▸ **What the task requires**
Go through the data and copy each line where the word "Hotel" shows up.

─── Records

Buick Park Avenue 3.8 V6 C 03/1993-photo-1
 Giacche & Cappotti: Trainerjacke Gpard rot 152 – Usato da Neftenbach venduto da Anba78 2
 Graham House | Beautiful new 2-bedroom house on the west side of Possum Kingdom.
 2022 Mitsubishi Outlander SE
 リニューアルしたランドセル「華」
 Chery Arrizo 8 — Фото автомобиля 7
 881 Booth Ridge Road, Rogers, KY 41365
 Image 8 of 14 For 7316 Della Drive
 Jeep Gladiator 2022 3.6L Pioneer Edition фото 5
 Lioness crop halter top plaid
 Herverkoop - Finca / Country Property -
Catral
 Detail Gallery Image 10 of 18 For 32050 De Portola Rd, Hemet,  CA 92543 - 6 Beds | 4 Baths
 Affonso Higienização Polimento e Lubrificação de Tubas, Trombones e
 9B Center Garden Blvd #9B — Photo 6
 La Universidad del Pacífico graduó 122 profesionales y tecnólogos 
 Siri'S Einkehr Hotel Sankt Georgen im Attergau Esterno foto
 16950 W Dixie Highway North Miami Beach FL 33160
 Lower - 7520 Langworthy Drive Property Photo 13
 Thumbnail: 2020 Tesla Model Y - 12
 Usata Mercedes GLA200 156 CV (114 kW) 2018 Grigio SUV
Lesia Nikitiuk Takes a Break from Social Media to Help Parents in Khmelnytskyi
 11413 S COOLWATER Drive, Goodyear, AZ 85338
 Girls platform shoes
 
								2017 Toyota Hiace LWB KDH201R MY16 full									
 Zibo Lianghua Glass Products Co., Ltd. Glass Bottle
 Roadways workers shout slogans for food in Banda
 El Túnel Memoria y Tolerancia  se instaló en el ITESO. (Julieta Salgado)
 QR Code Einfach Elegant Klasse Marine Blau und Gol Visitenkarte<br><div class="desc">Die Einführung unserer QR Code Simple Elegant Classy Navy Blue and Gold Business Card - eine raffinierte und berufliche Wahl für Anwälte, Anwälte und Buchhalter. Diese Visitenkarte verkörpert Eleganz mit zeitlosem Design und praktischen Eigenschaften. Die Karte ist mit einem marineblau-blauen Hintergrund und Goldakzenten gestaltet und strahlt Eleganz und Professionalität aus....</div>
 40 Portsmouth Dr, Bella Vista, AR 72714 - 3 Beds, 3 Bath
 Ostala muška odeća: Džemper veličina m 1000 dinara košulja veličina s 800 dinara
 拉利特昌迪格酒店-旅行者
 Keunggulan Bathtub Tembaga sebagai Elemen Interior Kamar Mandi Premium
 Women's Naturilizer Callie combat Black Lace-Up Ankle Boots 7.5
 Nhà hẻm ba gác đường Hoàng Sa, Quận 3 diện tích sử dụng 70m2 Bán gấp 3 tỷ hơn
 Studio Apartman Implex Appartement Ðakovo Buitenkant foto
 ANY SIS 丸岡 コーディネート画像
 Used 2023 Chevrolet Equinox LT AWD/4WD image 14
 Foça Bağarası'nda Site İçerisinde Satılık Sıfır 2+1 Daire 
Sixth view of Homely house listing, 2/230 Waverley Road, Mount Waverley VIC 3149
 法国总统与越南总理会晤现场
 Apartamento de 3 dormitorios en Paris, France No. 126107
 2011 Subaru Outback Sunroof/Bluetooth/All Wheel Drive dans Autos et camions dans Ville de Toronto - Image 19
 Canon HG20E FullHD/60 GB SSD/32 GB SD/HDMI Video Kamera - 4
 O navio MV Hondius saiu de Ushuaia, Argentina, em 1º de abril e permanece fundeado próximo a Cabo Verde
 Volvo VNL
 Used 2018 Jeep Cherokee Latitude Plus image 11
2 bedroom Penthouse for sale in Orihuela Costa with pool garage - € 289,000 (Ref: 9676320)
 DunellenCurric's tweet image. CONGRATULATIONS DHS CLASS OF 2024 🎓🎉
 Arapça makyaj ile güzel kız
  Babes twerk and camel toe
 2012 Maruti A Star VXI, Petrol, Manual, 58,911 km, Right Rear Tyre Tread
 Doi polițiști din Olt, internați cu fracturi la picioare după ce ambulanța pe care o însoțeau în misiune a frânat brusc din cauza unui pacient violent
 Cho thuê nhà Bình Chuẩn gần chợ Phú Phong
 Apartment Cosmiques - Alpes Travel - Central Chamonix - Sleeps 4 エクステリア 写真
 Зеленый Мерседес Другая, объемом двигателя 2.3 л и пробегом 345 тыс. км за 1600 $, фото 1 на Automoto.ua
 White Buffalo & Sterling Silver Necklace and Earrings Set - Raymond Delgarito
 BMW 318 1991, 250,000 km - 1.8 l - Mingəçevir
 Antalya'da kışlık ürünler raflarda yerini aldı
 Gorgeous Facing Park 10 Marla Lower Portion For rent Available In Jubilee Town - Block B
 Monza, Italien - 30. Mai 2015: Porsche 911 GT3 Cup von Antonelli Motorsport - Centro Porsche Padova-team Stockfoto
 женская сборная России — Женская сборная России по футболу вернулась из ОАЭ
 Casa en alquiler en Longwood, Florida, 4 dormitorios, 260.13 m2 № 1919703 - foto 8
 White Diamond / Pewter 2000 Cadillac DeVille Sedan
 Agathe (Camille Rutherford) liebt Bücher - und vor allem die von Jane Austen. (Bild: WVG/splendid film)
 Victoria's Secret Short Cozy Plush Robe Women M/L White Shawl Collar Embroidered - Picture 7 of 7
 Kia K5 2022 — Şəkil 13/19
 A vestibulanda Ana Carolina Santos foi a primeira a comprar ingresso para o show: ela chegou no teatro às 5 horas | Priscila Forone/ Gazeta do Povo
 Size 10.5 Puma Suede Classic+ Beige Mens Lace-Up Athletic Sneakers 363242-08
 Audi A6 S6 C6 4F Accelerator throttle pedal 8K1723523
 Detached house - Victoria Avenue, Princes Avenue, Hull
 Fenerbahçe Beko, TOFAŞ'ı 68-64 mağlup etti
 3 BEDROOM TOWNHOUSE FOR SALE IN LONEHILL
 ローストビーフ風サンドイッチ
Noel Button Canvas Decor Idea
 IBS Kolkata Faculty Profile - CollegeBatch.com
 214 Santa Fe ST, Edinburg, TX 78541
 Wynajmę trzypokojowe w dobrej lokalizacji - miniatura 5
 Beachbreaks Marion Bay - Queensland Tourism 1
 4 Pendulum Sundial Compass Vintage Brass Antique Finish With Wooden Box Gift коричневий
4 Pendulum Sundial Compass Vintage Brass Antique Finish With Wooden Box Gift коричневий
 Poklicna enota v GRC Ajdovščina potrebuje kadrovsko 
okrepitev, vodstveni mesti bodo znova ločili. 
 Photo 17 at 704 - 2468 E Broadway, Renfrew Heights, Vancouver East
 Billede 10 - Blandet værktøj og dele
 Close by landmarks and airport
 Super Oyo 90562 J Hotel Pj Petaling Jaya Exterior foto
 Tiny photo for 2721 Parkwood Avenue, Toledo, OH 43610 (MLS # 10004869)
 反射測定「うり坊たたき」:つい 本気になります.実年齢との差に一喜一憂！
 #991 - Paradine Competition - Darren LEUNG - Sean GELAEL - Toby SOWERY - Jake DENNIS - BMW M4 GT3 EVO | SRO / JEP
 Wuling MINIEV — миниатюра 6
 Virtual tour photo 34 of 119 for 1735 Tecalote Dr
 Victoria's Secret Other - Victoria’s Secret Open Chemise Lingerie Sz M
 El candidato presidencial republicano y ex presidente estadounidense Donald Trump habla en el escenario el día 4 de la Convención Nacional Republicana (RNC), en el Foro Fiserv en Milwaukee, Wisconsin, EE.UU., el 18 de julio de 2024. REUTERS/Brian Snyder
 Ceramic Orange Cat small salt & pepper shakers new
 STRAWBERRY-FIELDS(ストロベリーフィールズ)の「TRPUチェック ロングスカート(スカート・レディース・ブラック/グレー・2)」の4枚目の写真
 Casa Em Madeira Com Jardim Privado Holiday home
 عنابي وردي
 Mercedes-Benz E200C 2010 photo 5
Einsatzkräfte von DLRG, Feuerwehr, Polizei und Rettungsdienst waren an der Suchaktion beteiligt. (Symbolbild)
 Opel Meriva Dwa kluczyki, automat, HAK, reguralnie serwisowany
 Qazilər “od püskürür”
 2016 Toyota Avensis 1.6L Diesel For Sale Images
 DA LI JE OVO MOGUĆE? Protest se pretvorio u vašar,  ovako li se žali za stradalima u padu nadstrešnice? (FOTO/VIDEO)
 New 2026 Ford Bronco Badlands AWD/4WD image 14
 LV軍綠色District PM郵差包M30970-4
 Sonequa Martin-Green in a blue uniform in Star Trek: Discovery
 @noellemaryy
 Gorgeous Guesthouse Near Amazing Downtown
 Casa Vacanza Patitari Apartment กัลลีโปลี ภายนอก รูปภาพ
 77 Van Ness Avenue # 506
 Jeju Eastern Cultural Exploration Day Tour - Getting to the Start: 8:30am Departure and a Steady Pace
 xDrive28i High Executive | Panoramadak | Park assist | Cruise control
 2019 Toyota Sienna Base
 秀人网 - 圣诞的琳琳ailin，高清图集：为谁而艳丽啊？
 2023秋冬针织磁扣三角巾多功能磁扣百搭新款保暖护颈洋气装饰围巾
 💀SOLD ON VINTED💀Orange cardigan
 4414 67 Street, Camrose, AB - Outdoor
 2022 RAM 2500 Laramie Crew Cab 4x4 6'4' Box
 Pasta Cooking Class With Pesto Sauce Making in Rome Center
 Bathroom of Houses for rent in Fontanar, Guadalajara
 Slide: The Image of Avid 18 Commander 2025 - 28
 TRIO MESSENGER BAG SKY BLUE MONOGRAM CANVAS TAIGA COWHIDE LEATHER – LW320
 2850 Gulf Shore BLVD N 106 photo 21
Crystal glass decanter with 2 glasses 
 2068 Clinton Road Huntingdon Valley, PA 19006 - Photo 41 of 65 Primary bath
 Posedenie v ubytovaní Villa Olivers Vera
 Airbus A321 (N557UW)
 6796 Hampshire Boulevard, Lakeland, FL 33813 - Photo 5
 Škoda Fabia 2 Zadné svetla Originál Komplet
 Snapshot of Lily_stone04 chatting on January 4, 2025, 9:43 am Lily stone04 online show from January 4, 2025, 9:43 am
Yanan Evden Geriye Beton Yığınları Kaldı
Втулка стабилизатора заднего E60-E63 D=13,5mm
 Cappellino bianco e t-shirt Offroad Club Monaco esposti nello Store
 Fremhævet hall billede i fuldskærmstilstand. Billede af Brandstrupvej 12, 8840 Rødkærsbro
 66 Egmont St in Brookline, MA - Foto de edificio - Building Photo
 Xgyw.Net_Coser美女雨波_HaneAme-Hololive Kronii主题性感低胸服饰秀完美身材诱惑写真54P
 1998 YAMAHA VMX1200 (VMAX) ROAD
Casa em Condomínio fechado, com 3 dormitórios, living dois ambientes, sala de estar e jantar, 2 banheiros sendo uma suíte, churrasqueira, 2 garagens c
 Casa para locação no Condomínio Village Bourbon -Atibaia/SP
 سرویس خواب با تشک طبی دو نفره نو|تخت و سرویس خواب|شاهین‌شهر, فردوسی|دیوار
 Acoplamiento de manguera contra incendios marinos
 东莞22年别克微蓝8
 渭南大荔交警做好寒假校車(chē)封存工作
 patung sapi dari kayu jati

──────

▸ **Finished task**
 Siri'S Einkehr Hotel Sankt Georgen im Attergau Esterno foto
 Super Oyo 90562 J Hotel Pj Petaling Jaya Exterior foto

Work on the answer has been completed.